Supplied information:
• • • • • • •
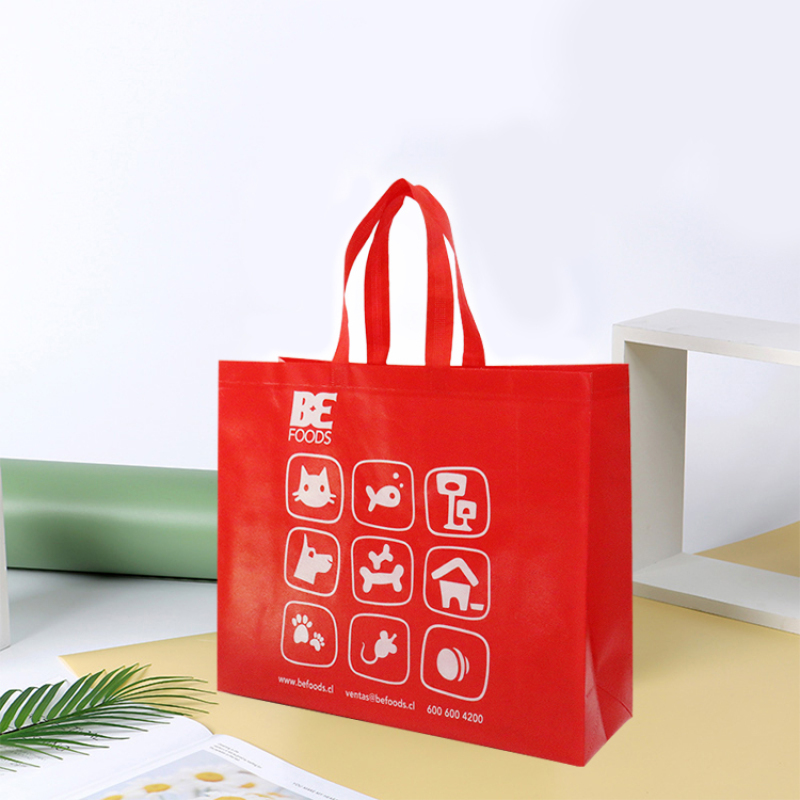 High quality promotional custom design eco friendly ultrasonic laminated pp non woven shopping tote bag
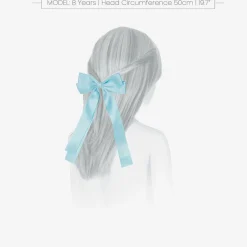 Bowtique London Girls Blue Bow Hair Clip (12cm) Hot
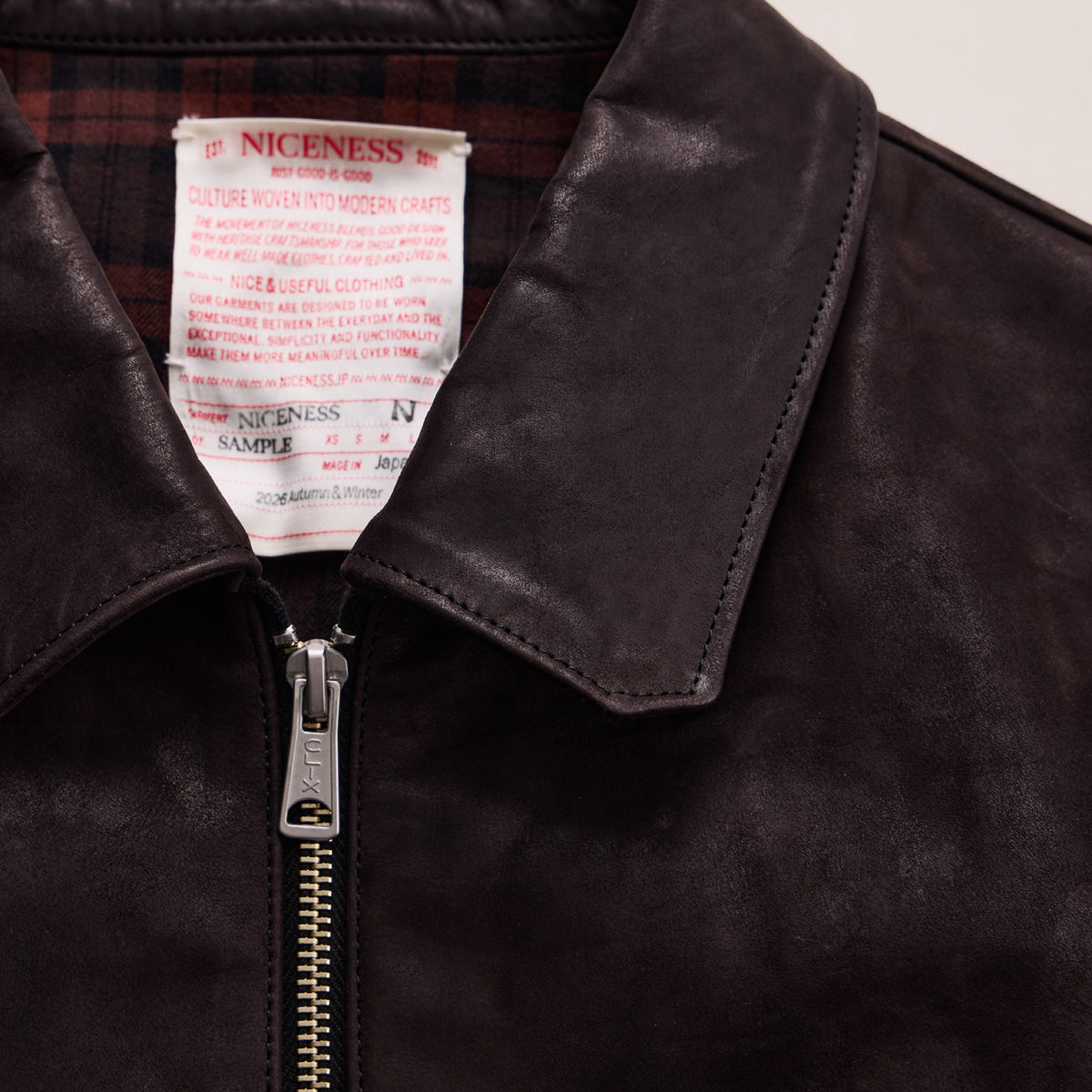 NICENESS UK RIDING OILED LEATHER JACKET "SUMNER"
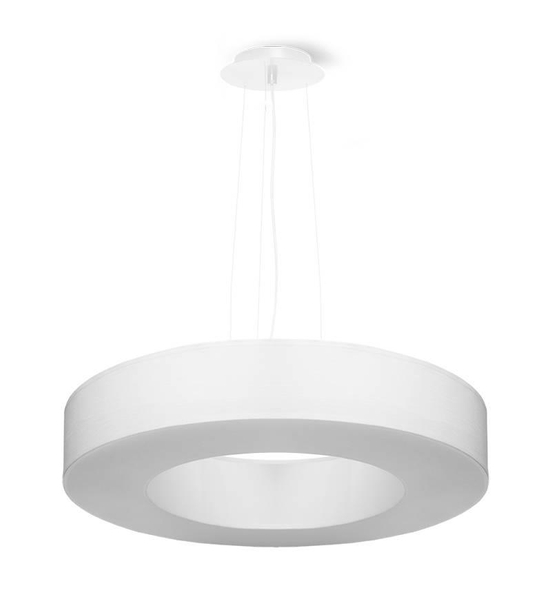 LAMPA wisząca SL.0749 abażurowa OPRAWA zwis okrągły biały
• • • • • • •
Make an exact copy of the listing. Do not carry over its pictures.

 High quality promotional custom design eco friendly ultrasonic laminated pp non woven shopping tote bag
 Bowtique London Girls Blue Bow Hair Clip (12cm) Hot
 NICENESS UK RIDING OILED LEATHER JACKET "SUMNER"
 LAMPA wisząca SL.0749 abażurowa OPRAWA zwis okrągły biały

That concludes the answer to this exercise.